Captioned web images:

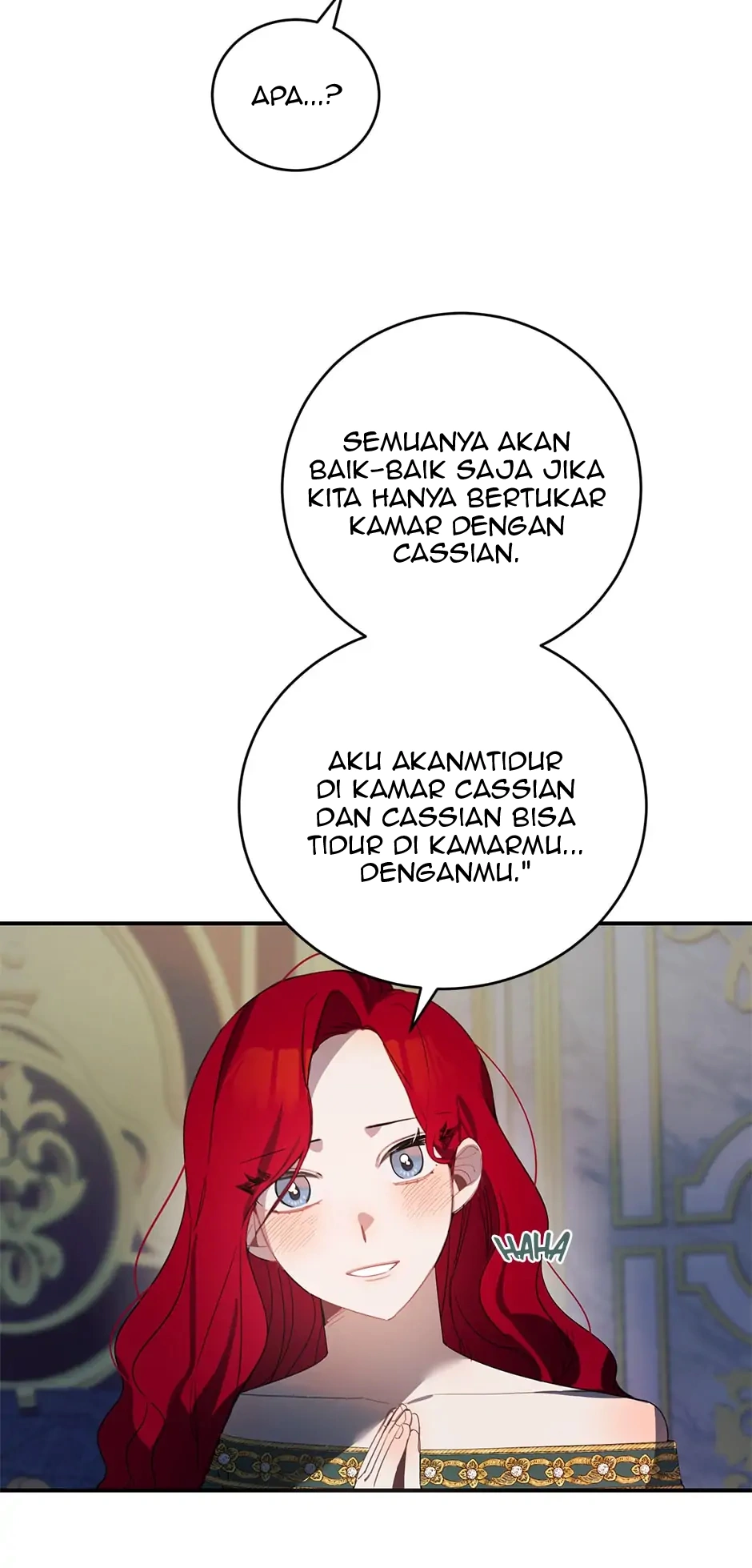 The Handmade Tales of the Handmaid Chapter 50 Gambar 6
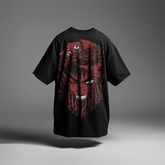 CAMISETA OVERSIZED PREMIUM BERSERK GUTS SKULL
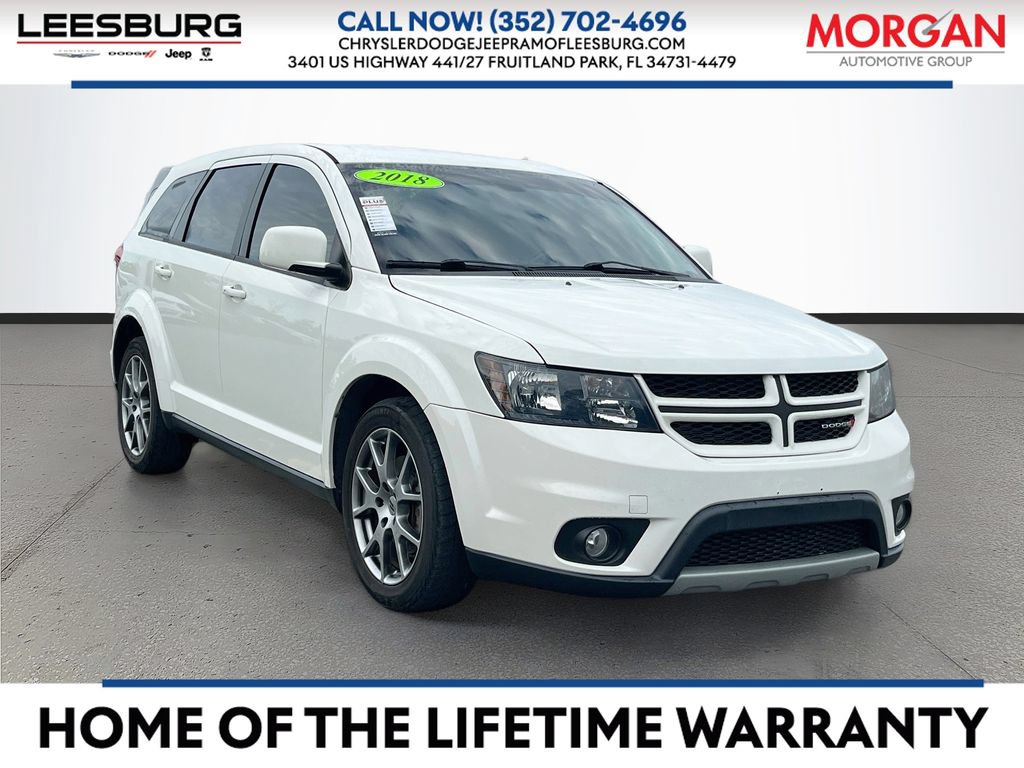 Used 2018 Dodge Journey GT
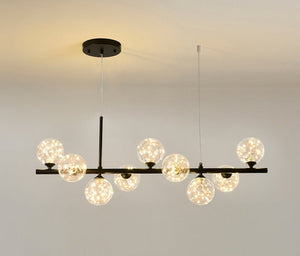 Moderne Gebogen LED Hanglamp – Stijlvolle Verlichting voor Eetkamer & Keuken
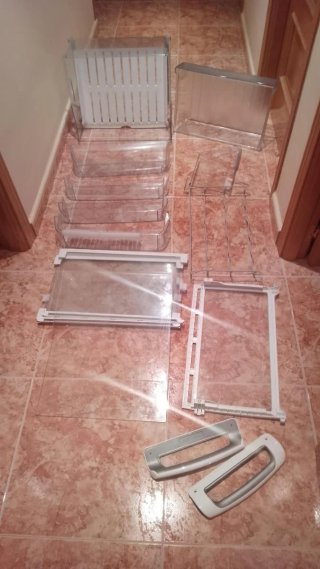 Bandejas y cajones Frigorífico Electrolux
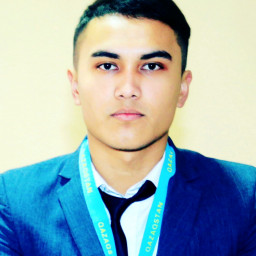 Profile picture of user Ilhomjon Rahimov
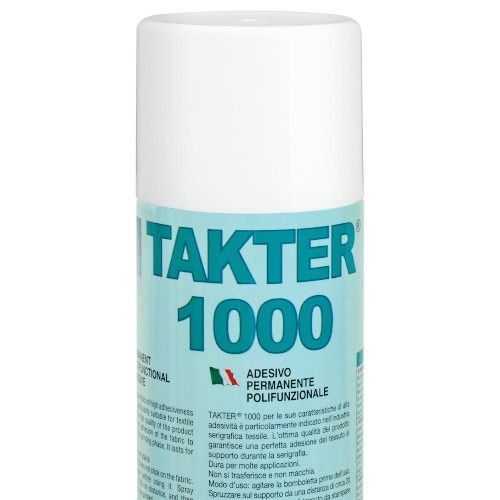 TAKTER® 1000 - ADHESIVO SPRAY FUERTE PARA SERIGRAFÍA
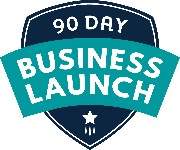 90 Day Business Launch Logo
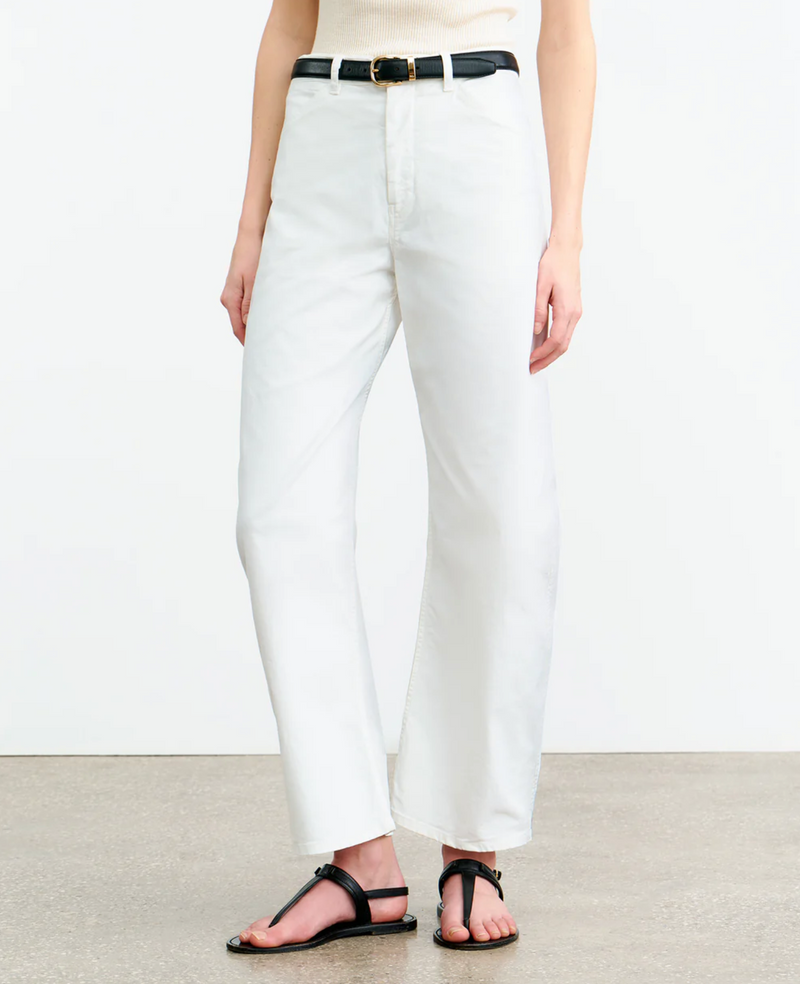 TRIBECA PANT - WHITE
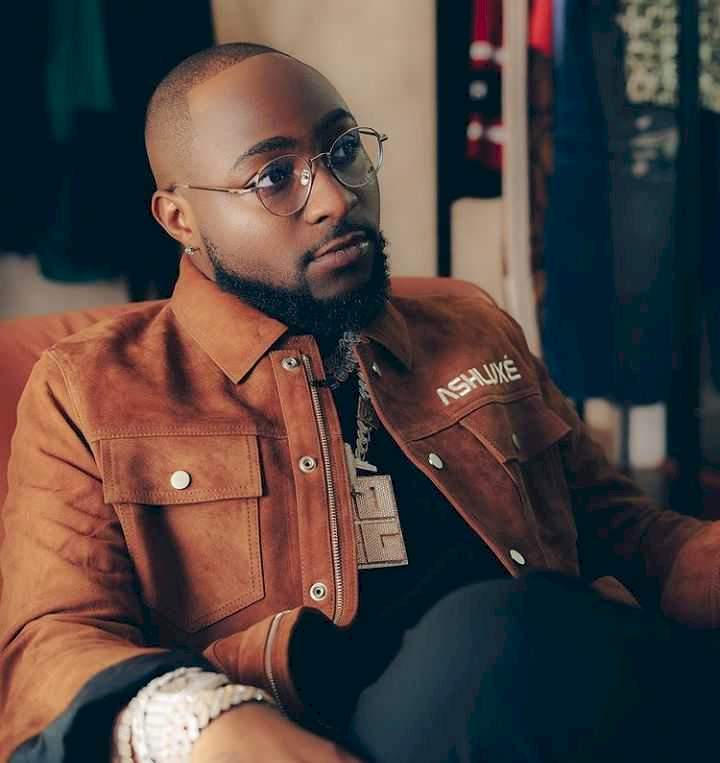 Davido reveals total amount he made in 2021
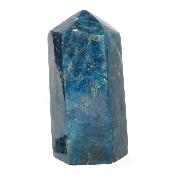 Apatite Bleue - Pointe Unique Polie n° 05774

**Problem requirements:** Return all records above verbatim without their pictures.

**Written response:**
 The Handmade Tales of the Handmaid Chapter 50 Gambar 6
 CAMISETA OVERSIZED PREMIUM BERSERK GUTS SKULL
 Used 2018 Dodge Journey GT
 Moderne Gebogen LED Hanglamp – Stijlvolle Verlichting voor Eetkamer & Keuken
 Bandejas y cajones Frigorífico Electrolux
 Profile picture of user Ilhomjon Rahimov
 TAKTER® 1000 - ADHESIVO SPRAY FUERTE PARA SERIGRAFÍA
 90 Day Business Launch Logo
 TRIBECA PANT - WHITE
 Davido reveals total amount he made in 2021
 Apatite Bleue - Pointe Unique Polie n° 05774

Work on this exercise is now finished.